Mal à l'aise, maintenant. Il y a là un “éclatement de motifs
contradictoires”, si je puis dire. D'abord, tout de même, ce renoncement
solennel à être écrivain, que j'ai balancé à tous les vents depuis
plusieurs années, et qu'il a balayé d'un revers de main, d'un froncement
de sourcils : en une seconde et demie, je me suis retrouvé incapable
d'argumenter contre lui, comme je l'étais à 25 ans.
En
même temps, je ne pouvais pas penser – ce qui aurait été confortable –
qu'il faisait “une fleur” à un vague ami du temps passé : ce vague ami
du temps passé lui a, vers 1995, envoyé un roman qu'il a jeté à la
poubelle, ce qui était sa destination logique – j'ai déjà parlé de cet
épisode. Là, c'est lui qui est “venu me chercher” comme disent les
cailleras cultivées.
Bref, j'ai peu de temps ce soir, je ne sais plus trop quoi penser. Être pris au sérieux en tant qu'écrivain
par Desgranges (on vient de passer une demi-heure au téléphone où, en
effet, en dehors de ce qu'on avait à se dire d'homme à homme, il m'a
parlé comme un éditeur parle à un futur auteur, ce qui était, pour moi,
assez étrange) m'ébranle assez violemment.
Et
ce n'est malheureusement pas tout. Signer un contrat portant sur des
textes déjà écrits est une chose relativement anodine, finalement : il
ne s'agit que de les ordonner, arranger, récrire un peu, pour rendre
l'ensemble présentable ; je crois en être capable, et ça me plaît
plutôt.
Mais
écrire un roman ? Être directement sollicité par un éditeur pour écrire
un roman, alors qu'on a, assez péniblement tout de même, renoncé
justement à cela ? Du coup, on y repense, on replonge dans quelque
chose, gluant, dont on se croyait sorti et pour lequel on est sûr de
n'être pas fait.
Pourtant, ne nous voilons pas, je suis ravi de tout ce qui m'arrive à cause de lui. Et je commence à penser à une idée de roman…
Jeudi 11 juillet
Sept heures vingt. –
Je ne sais plus si j'ai noté que nous étions invités, dimanche
prochain, à déjeuner chez les Crevette en compagnie d'une poignée de
jeunes gens dont nous connaissons déjà certains (Lounès, Il Sorpasso…).

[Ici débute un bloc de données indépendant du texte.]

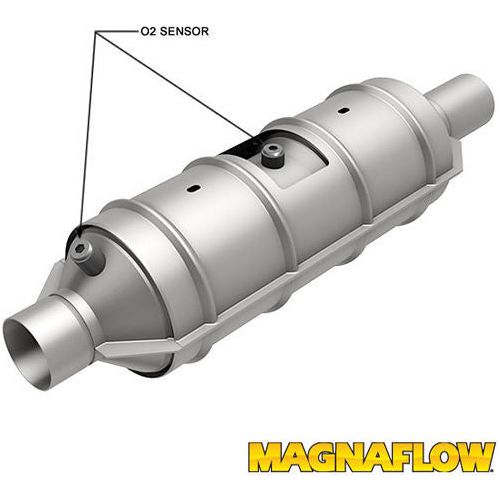 MAGNAFLOW 55300 - 87-01 E-250 Van 5.4L Cat Converter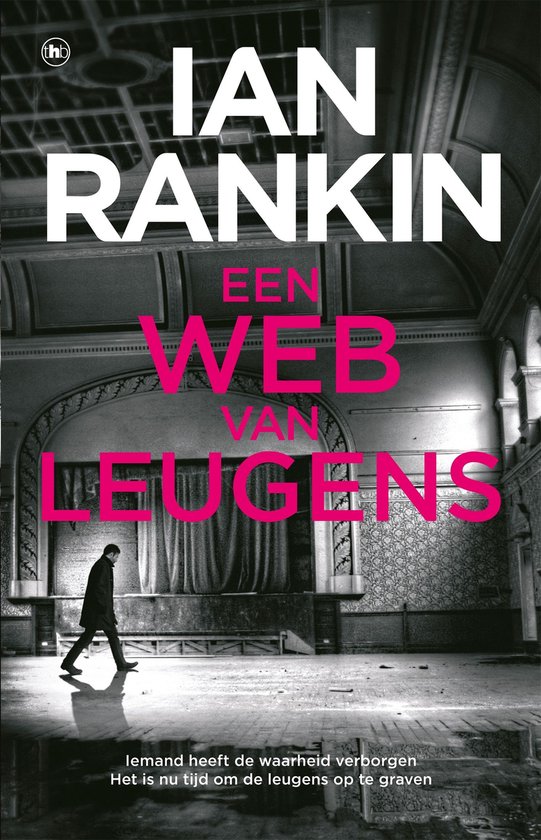 John Rebus 20 - Een web van leugens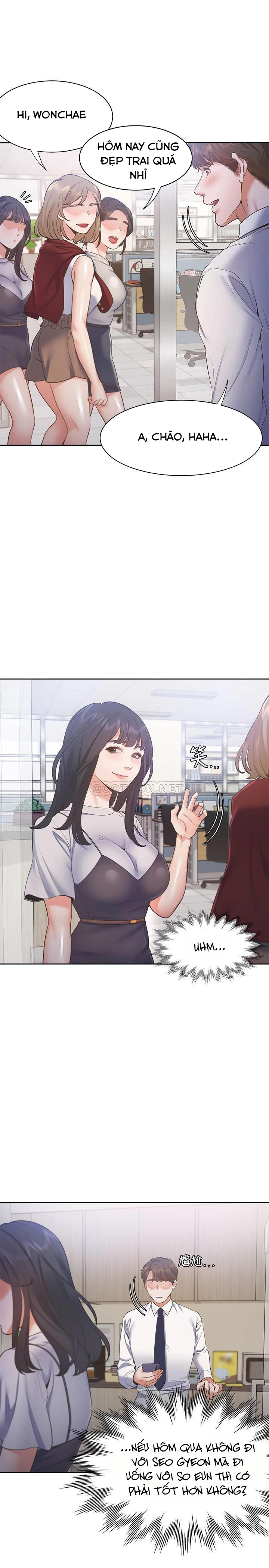 khát tình chapter 23 21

Mais, Catherine étant attaquée conjointement aux hanches et au ventre
par la douleur, je viens d'annuler notre participation à ces
réjouissances.
– J'ai passé une grande partie de la journée à transporter sur un document Word unique tous les textes qui composent déjà Mémoire d'en France
ainsi que ceux dont j'ai fait une première sélection avec mes années de
blog 2010 – 2013. Desgranges voudrait 600 000 signes – plus ou moins 10
% –, j'arrive à 660 000 ; ce qui est très bien car j'aimerais pouvoir
supprimer ceux qui ne me paraissent franchir la barre que de manière
fort juste. Il s'agira ensuite d'organiser la masse pour tenter
d'obtenir un livre un tant soit peu cohérent et construit.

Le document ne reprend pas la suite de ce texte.